# Chicago's South Side Irish - 9'6" Western MVP plus (Stainless Steel) w/ wings



## SullivanSeptic (Nov 30, 2008)

I am selling my 9'6" Western MVP plus. This is a stainless steel plow with minimal hours on it. I also have wings to go along with it. The plow has been on my personal truck and is kept in my shop all year. I am getting out of plowing due to a major injury I had and need to make room for other things. The plow runs perfect and has no issues. Fluid changed every year and it gets sprayed down with WD40 after each season. This is plowside only.
I am able to load on to a trailer or truck if needed. Located in the far South Suburbs of Chicago, near Joliet. 
This is for sale locally as well. I can be reached here or on my cell. Quickest would be my cell. Text works good. 708-3 seven two-74 two two.

Asking $3,900 obo


----------



## Philbilly2 (Aug 25, 2007)

Well look who the wind blew in...

Good to see you again there Sully!


----------



## SullivanSeptic (Nov 30, 2008)

Philbilly2 said:


> Well look who the wind blew in...
> 
> Good to see you again there Sully!


I've been around. I poke my head in every now and again.


----------



## FredG (Oct 15, 2012)

SullivanSeptic said:


> I am selling my 9'6" Western MVP plus. This is a stainless steel plow with minimal hours on it. I also have wings to go along with it. The plow has been on my personal truck and is kept in my shop all year. I am getting out of plowing due to a major injury I had and need to make room for other things. The plow runs perfect and has no issues. Fluid changed every year and it gets sprayed down with WD40 after each season. This is plowside only.
> I am able to load on to a trailer or truck if needed. Located in the far South Suburbs of Chicago, near Joliet.
> This is for sale locally as well. I can be reached here or on my cell. Quickest would be my cell.

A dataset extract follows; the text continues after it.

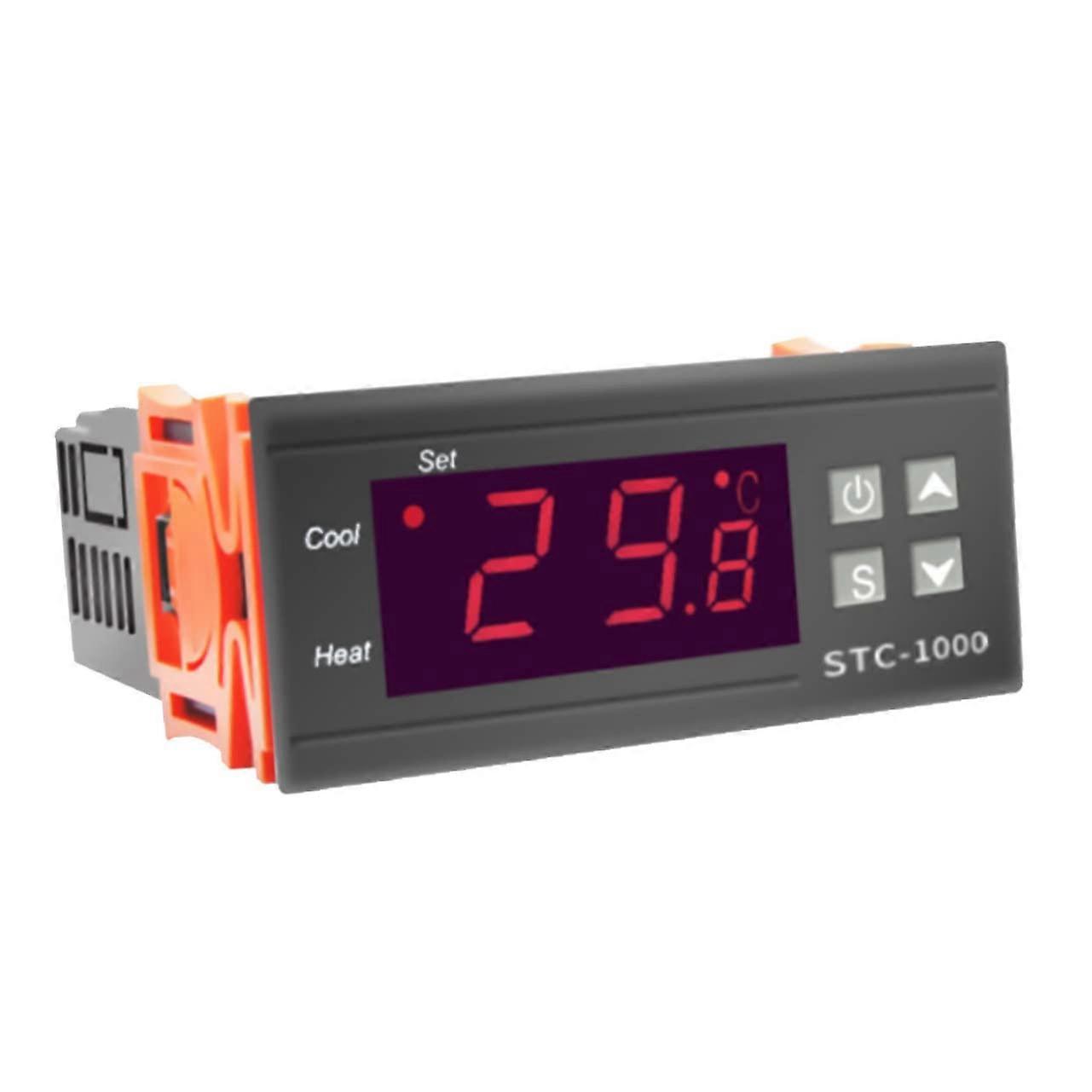 Temperature Controller Thermostat for Fish Tank – Accurate Aquarium Heating and Cooling Regulation 200W, LCD Display, Waterproof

Text works good. 708-3 seven two-74 two two.
> 
> ...


Very nice, Nice price. Good Luck


----------



## dieselss (Jan 3, 2008)

Philbilly2 said:


> Well look who the wind blew in...
> 
> Good to see you again there Sully!


Hes more active on our non filtered txt group 

Free bump


----------



## JustJeff (Sep 9, 2009)

dieselss said:


> Hes more active on our non filtered txt group
> 
> Free bump


I'm not popular enough to be included in that one!


----------



## cwren2472 (Aug 15, 2014)

JustJeff said:


> I'm not popular enough to be included in that one!


It's ok, you and I can start our own


----------



## Sawboy (Dec 18, 2005)

@JustJeff, I'd invite you in, but I'm barely hanging on by a thread myself. Lol


----------



## dieselss (Jan 3, 2008)

JustJeff said:


> I'm not popular enough to be included in that one!


Only one Jeff allowed


----------



## 1olddogtwo (Aug 6, 2007)

JustJeff said:


> I'm not popular enough to be included in that one!


I have to keep it on mute with these clowns

It looks as good as the day I sold to him three years ago.

It's the only flat top SS Vee western has ever made. I did modify the center shoes to close the gap.

It's a great plow, check my YouTube pages for some half ass action shots.


----------



## Pushin 2 Please (Dec 15, 2009)

SullivanSeptic said:


> I've been around. I poke my head in every now and again.


Me too. Group text is the best! I'm gone again!


----------



## Mike_PS (Feb 28, 2005)

it's a for sale thread guys...if not interested than no need to post


----------



## JustJeff (Sep 9, 2009)

Michael J. Donovan said:


> it's a for sale thread guys...if not interested than no need to post


He's a Chicago boy Michael. We're just keeping his post fresh on the "new posts" list so he gets more exposure!


----------



## Mike_PS (Feb 28, 2005)

again, if you aren't looking to buy it then DO NOT post in these threads


----------



## SullivanSeptic (Nov 30, 2008)

Just bumping this up.
Anyone want a great Plow at a great price? It will cost a lot more come fall.


----------



## SullivanSeptic (Nov 30, 2008)

I still have this for sale. Winter contracts are starting. Who needs a beautiful Vplow? 
11’ 4” wide with the wings on it.


----------



## TTBoy77 (Nov 21, 2006)

Still available?


----------



## SullivanSeptic (Nov 30, 2008)

Yes it is


----------



## SullivanSeptic (Nov 30, 2008)

She’s sold!


----------